Kazuo Okada Appeal Dismissed by Tokyo High Court, Billionaire Must Pay $200K
Posted on: September 21, 2020, 01:53h.
Last updated on: September 21, 2020, 02:24h.
Billionaire Kazuo Okada’s appeal of a ruling by the Tokyo District Court in February has been rejected in a higher court.
The Tokyo District Court ordered Okada to pay damages of JPY21.3 million ($200,000) in relation to three cases of alleged fraud he committed while heading his former company, Universal Entertainment Corporation. Attorneys for Okada appealed that the District Court erred in its decision.
In a securities filing made last week with the Tokyo Stock Exchange, Universal says Okada’s appeal has been rejected by the Tokyo High Court.
A judgment dismissing the appeal of Mr. Kazuo Okada … was recently issued by the Tokyo High Court on the grounds that the claims of Mr. Okada were objectively contrary to the facts, and as such, inadmissible,” the Universal notice explained.

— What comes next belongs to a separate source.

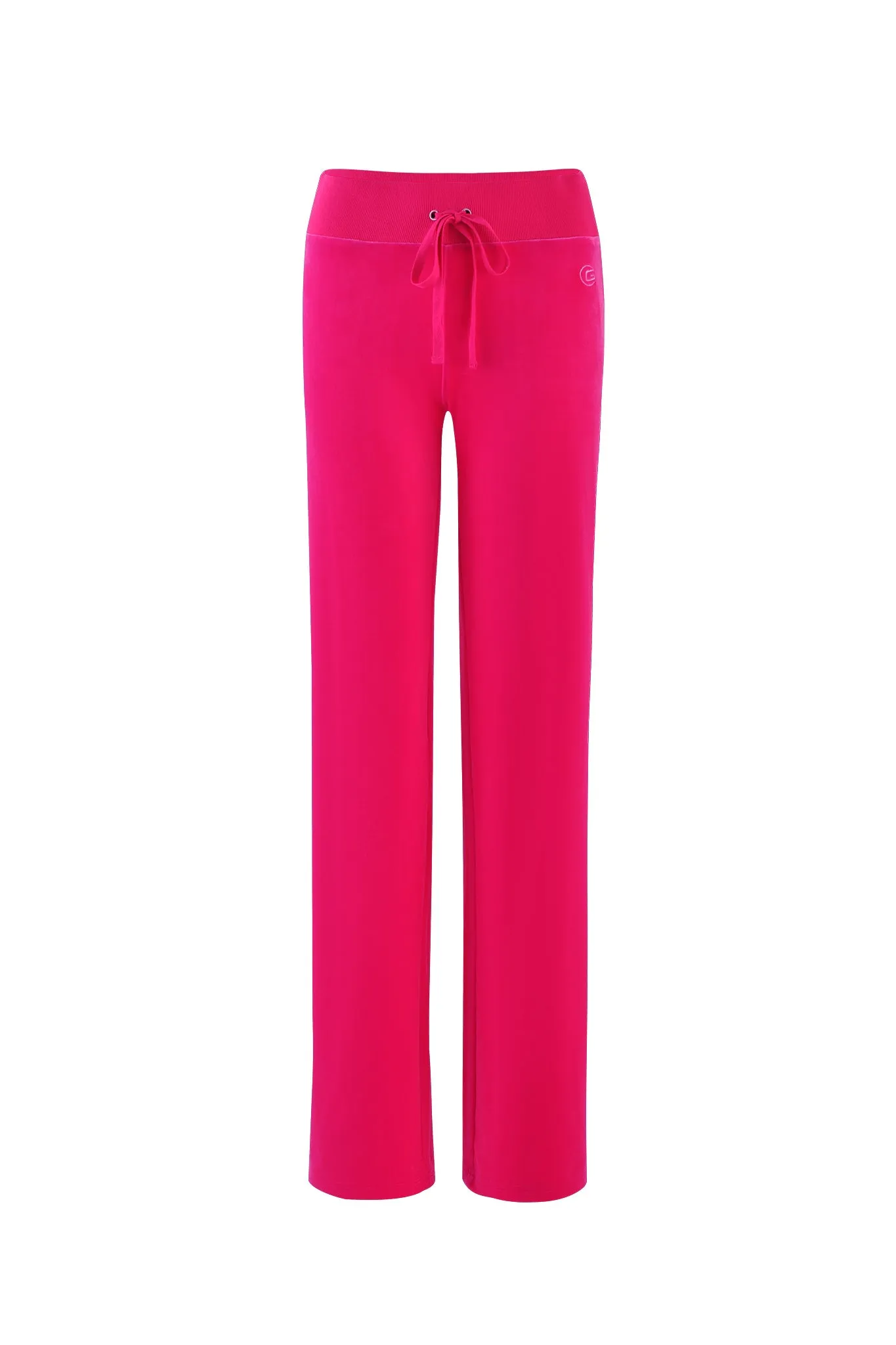 STACEY VELOUR PANT - PINK : HOT PINK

The High Court ruled that Okada must pay Universal the roughly $200,000 in damages the District Court originally ordered, plus five percent interest and all litigation costs. Forbes estimates Kazuo Okada to have a net worth of $1.5 billion.
Okada initially made his fortune by manufacturing pachinko games, slot-like terminals that can be found throughout Japan. He founded Aruze Corporation, which later became Universal Entertainment, in 1969.
Okada’s worth grew exponentially when he became an early investor in what would become Steve Wynn’s casino empire. Universal owned a 21 percent stake in Wynn Resorts until 2013. That’s when the Japanese billionaire was forced to sell his shares after allegedly bribing officials in the Philippines to win licensure for a casino resort in Manila’s Entertainment City.
Okada denied the allegations, but was nonetheless forced out of Wynn Resorts by the US-based casino giant.
In 2017, Okada’s own family accused him of wrongdoings. The plot to overthrow the now 77-year-old businessman was orchestrated by his son, Tomohiro Okada. Tomohiro and his sister, Hiromi Okada, combined their voting powers, along with other Universal stakeholders and board members, to remove Kazuo from the company.
Universal alleged that Kazuo Okada secretly loaned himself approximately $100 million with zero percent interest between 2014-15 without corporate approval. He has continued to deny any wrongdoing.
Universal Entertainment says the Tokyo High Court’s dismissal of Okada’s appeal “acknowledges that the Fraudulent Acts were conducted under the order of Mr. Okada.”
Mr. Okada breached both his duty of a good manager and his fiduciary duty of loyalty as a Director of the Company,” the securities filing asserted.
Okada could continue his legal saga by appealing to the Japan Supreme Court, the apex of the country’s judicial hierarchy.
“The court can void any decision in which it finds there has been an incorrect interpretation or application of the law,” explains Britannica. The court may also overturn a ruling if it finds error in the facts of the case, or if it considers the punishment unjust. It may remand a case back to a lower court if it finds justification for the reopening of proceedings.”
But as is the case in the United States, Japan’s highest court accepts only a small percentage of cases it receives for review each year.